• **Problem to work on**: Below is a listing; print exactly its lines from the one containing "Lada (ВАЗ) 2113" down to the one containing "Bắc Bộ lạnh", both inclusive, with every picture left out.

• **Supplied records**:
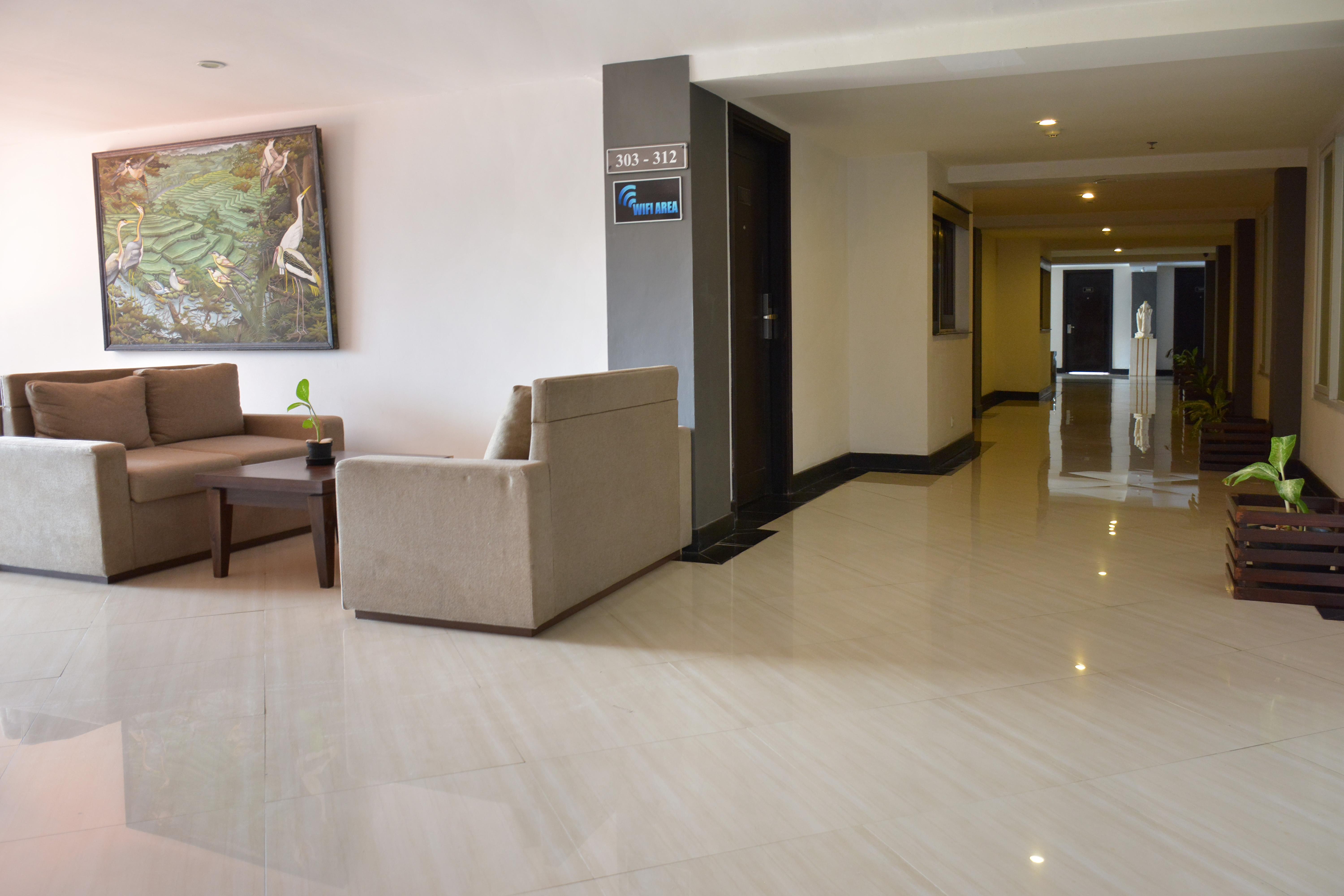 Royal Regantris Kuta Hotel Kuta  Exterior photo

* * *

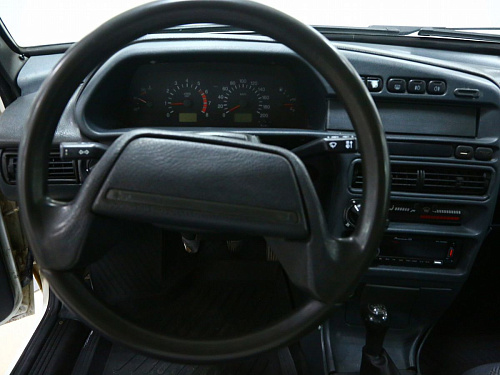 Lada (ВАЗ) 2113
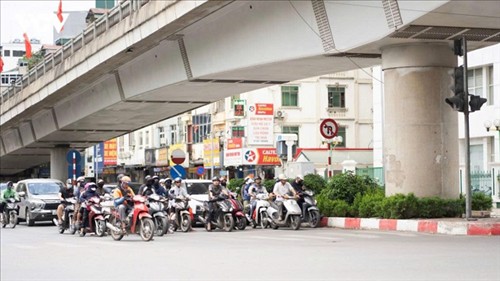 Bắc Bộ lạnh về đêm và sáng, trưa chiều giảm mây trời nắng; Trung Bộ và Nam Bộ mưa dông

• **Answer to this exercise**:
 Lada (ВАЗ) 2113
 Bắc Bộ lạnh về đêm và sáng, trưa chiều giảm mây trời nắng; Trung Bộ và Nam Bộ mưa dông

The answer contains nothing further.